The regulon can have two stable steady states (due to the presence of the positive loop for the multi-attractority and of the negative one for the stability [31,32]). One can note that a Liénard system is a regulon, where A (resp., B) is represented by the variable y (resp., x), if $g, f > 0$ and $- g^{'} + {yf}^{'} < 0$ .

3.4 Examples in cardiac and respiratory coupled systems

To represent the vegetative control system of the cardiac and respiratory functions, let us consider two regulon-type coupled oscillators in interaction [33,34]. Indeed, to simplify, we consider I, a set of inspiratory neurons (a centre firing synchronously with the phrenic nerve) having an self-activatory loop and interacting with E, a set of expiratory neurons (a centre firing during the phrenic silence); E is activated by I (via the pleural stretch receptors) and E inhibits I (through intra-bulbar connections) (Fig. 6).

Fig. 6
Coupling between the respiratory oscillator (left) and the cardiac oscillator (right).

We neglect in this simplified description other classical groups of neurons corresponding to the Richter classification. Taking them into account leads to a system of higher dimension having the same qualitative dynamical properties, in particular, the entrainment ability [20]. In the same way, by neglecting the peripheral Aschow–Tawara node, we consider the cardiac control system as being made up of two groups of excitable cells, one located in the bulb, composed of neurons and called the cardio-modulator centre CM, and the other located in the heart septum, called the sinusal node S (Fig. 6).

The van der Pol system representing the rhythmic respiratory activity is $d x / d t = y$ , $d y / d t = - x + ε y (1 - x^{2})$ , where ε represents the anharmonic parameter. This oscillator has a free run (proper period) τ equal (near the bifurcation of the van der Pol limit cycle obtained for $ε = 0$ ) to the ratio $τ = 2 π / I$ , where $I = \sqrt{1 - ε^{2} / 4}$ is the imaginary part of the eigenvalues of the Jacobian matrix J of the van der Pol system:

J = [\begin{matrix} 0 & 1 \\ - 1 - 2 ε xy & ε (1 - x^{2}) \end{matrix}]
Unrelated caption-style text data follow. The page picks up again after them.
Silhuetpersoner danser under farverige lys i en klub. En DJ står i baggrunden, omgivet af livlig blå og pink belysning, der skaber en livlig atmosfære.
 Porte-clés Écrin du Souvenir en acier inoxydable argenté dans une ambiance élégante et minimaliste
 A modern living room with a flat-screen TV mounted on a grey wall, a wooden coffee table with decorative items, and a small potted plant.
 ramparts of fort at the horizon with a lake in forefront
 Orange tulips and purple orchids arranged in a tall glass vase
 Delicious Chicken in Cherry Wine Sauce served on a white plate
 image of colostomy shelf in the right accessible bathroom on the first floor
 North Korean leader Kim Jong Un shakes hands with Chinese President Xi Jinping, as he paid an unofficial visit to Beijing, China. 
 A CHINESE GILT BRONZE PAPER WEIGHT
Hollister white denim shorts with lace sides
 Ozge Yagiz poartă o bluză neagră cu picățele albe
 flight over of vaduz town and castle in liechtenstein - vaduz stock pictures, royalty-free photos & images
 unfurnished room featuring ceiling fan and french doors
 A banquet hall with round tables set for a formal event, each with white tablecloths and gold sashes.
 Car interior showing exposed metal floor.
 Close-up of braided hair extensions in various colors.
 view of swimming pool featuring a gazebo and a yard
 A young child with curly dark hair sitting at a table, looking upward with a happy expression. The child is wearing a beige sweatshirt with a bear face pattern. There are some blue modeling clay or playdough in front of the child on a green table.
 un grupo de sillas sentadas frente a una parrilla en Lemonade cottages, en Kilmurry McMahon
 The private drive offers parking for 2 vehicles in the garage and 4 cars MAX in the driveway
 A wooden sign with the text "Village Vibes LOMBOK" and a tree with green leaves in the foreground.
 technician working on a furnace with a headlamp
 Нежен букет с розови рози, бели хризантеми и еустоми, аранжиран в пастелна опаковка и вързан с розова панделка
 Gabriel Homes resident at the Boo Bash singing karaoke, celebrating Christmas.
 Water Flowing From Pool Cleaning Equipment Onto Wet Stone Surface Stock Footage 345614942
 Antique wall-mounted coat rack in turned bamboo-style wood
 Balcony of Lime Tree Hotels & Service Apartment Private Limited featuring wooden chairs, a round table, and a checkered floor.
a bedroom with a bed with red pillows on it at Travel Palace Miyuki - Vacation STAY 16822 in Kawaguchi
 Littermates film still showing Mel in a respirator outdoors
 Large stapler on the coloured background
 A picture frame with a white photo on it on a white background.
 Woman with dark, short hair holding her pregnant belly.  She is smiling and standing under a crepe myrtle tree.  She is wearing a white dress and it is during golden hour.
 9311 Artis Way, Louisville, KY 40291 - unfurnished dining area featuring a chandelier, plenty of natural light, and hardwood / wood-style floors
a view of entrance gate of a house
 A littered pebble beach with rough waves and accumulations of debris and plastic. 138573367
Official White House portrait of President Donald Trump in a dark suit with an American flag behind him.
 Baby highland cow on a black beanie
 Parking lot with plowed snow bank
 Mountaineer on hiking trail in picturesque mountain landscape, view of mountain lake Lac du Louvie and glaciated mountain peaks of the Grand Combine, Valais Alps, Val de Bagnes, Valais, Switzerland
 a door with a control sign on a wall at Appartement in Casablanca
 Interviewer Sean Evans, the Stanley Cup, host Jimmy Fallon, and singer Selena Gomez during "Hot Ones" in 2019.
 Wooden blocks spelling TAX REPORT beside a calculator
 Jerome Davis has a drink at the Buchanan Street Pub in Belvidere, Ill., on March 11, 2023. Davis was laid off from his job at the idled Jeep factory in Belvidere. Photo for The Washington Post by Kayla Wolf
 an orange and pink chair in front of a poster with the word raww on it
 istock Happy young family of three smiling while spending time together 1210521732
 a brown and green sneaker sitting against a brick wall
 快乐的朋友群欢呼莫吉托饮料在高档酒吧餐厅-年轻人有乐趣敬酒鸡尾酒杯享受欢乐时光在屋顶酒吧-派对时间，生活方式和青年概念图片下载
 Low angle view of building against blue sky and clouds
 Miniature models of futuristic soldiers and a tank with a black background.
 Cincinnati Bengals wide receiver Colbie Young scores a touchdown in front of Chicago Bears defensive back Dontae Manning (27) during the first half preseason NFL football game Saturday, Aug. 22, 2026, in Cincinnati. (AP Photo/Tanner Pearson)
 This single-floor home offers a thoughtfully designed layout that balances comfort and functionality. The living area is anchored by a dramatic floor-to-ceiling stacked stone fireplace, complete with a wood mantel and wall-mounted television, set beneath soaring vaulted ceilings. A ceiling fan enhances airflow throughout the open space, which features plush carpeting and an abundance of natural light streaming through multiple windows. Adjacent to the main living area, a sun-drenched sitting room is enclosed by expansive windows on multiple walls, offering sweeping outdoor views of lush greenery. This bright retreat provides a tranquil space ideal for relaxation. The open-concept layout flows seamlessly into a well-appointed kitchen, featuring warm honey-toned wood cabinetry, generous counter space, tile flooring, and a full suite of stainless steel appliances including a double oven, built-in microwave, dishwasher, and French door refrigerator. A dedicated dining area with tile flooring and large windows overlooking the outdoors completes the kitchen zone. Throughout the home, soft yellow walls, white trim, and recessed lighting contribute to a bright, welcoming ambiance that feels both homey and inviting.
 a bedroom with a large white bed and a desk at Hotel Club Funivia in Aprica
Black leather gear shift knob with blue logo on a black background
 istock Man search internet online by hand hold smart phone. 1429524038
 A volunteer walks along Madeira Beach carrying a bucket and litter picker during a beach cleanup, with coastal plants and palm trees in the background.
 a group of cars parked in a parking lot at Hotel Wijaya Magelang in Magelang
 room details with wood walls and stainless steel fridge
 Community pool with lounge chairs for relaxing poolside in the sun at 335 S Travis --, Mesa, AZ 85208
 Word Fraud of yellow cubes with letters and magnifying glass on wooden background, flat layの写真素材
taken at the stationary point

(x = 0, y = 0)

The van der Pol system representing the rhythmic cardiac activity is $d z / d t = w$ , $d w / d t = - z + η (1 - z^{2}) w + k (y) y$ , where η is the anharmonic parameter and $k (y)$ is the coupling intensity between I and CM. The entrained period of the cardiac oscillator is approximately equal (if η is small) to:

T = 2 π / \sqrt{1 - {(η (1 - (k {(y) y)}^{2}))}^{2} / 4}

Values of ε and η are fixed by the proper periods of the respiratory (4 s) and cardiac (1 s) oscillators. $k (y)$ is obtained by measuring the instantaneous cardiac period T (inter-beats duration) and calculating the slope of the regression line between T and the inspiratory activity $y^{2}$ (y representing the local inspiratory time counted from the beginning of an inspiration, when the cardiac beat of period T is occurring). This slope is approximated by $- π (η k {(y))}^{2} / 2$ , if η and $k (y)$ are small, and is estimated by the correlation coefficient ϱ between T and $y^{2}$ [33,34] multiplied by the ratio between the standard deviations of T and $y^{2}$ . The integrity of the coupling between the two Liénard systems [35] allows the bulbar vegetative control system to adapt to the effort: first, the breathing is entrained by a muscular activity and, secondarily, it entrains the heart. Such a capacity of adaptation disappears in degenerative diseases, like Parkinson or diabetes. Watching a parameter like ϱ is then interesting in elderly people surveillance and at-home watching systems will conversely permit the emergence of a new knowledge about the vegetative regulation and the improvement of at-home rehabilitation systems. More generally, the study of series of coupled oscillators is necessary to explain synchronization, desynchronization, and entrainment phenomena [26]. According to the previous example, we can establish the series of oscillators $i = 1, \dots, N$ :

d x_{i} / d t = y_{i}, d y_{i} / d t = - g (x_{i}) + g (x_{i - 1}) + y_{i} f (x_{i})

The continuous limit in i leads to the partial differential equation (PDE):

\partial^{2} x / \partial t^{2} = f (x) \partial x / \partial t - g^{'} (x) \partial x / \partial s

This new class of PDE is an extension of Burger's equation (by exchanging the role of s and t [36]) and has to be studied in future articles (existence and unicity of solutions, travelling waves, conservative properties...).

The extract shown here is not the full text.